When Battlefield 2042 releases in October, it will have been nearly three years since the last one – Battlefield V. At yesterday’s earnings call, EA CEO Andrew Wilson was asked if the company would be returning to a more frequent cadence for Battlefield releases. Before we get to Wilson’s response, here’s a quick recap on Battlefield releases since Battlefield 3:
- Battlefield 3 (2011)
- Battlefield 4 (2013)
- Battlefield Hardline (2015)
- Battlefield One (2016)
- Battlefield V (2018)
“I think that is our orientation but more importantly I think you should think about Battlefield as a service,” Wilson says as he hammers the point home.
“You know, what we’re doing for the launch of this game is really revolutionizing and reinventing what all our epic scale warfare is in the context of gameplay.
“In addition to that, we’ve announced Battlefield Portal, which really starts to lean into user generated content and will drive deep, long-term engagement in the game.
“And while we’ve announced Hazard Zone, to date we haven’t disclosed a lot about what’s going on there, and you’ll hear more about that in the coming months.
“You should understand that this really forms the foundation of what we believe the future of live service around Battlefield is, which over time will include a mobile launch, will include some free to enter components, and really change the nature of what happens from launch to launch.
“So that while an every other year launch probably makes sense if we think about it today, we’re really focused on 365-day engagement in the franchise at a platform level across any device that consumers may want to play on.”

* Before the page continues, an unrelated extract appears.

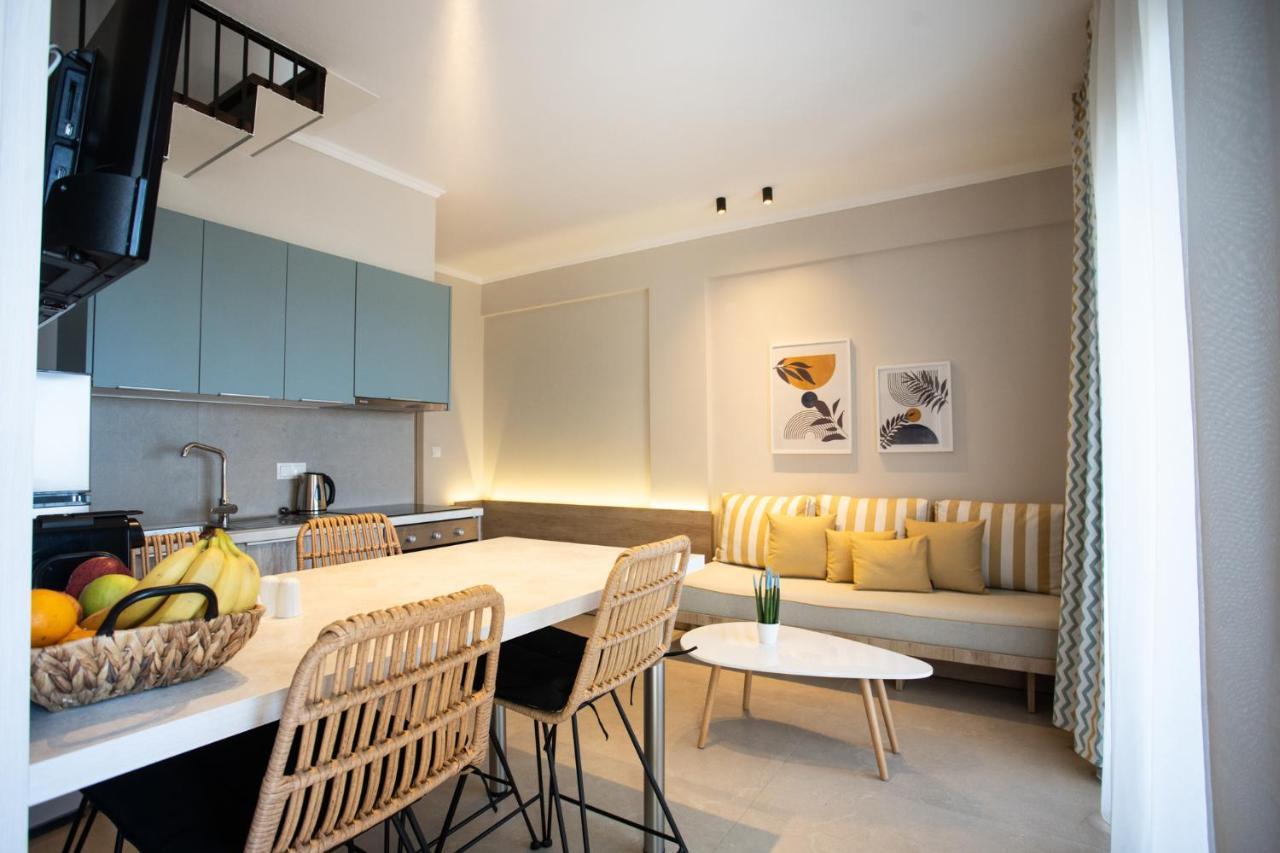 Marineiko Luxury Apartments Ierissós Esterno foto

That last part where he talks about an every other year launch making sense today is key. If Battlefield is pulling in buckets of money via microtransactions in a year from now, there won’t be the urgency to pump out new Battlefield games. Look at Apex Legends. We haven’t heard a peep about a brand new game. Why? It’s still one of the biggest games out there.

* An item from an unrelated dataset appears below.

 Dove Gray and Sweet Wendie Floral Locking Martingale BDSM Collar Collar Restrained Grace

Ubisoft’s Rainbow Six Siege is nearing six years since its release. And they’re only now doing a spin-off focused on cooperative multiplayer.

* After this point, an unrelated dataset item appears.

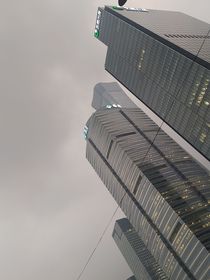 不理我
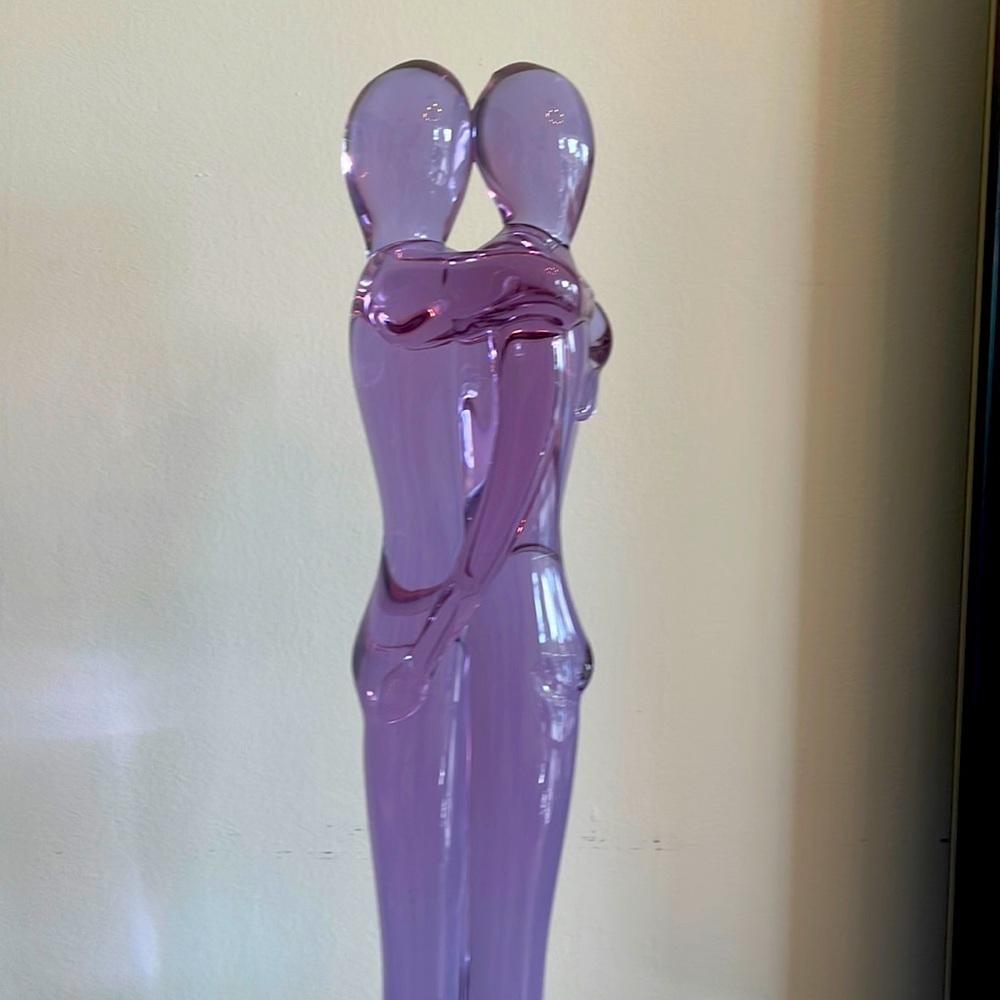 An original blown glass lovers in purple signed by the artist B.Avotria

If Battlefield 2042 comes roaring out of the gate (and it has the hype to do so), I imagine we’ll see its legs last longer than two years. Plus, there’s plenty of time in between to push out new content. Battlefield has an excellent opportunity to peel away chunks of Call of Duty’s player base as Warzone deals with its out-of-control hacking problem.
The big question for fans remains, what is this Hazard Zone mode? The rumor mill points towards a Battle Royale type mode (or could easily be turned into one). EA promises a reveal closer to the game’s launch on October 22.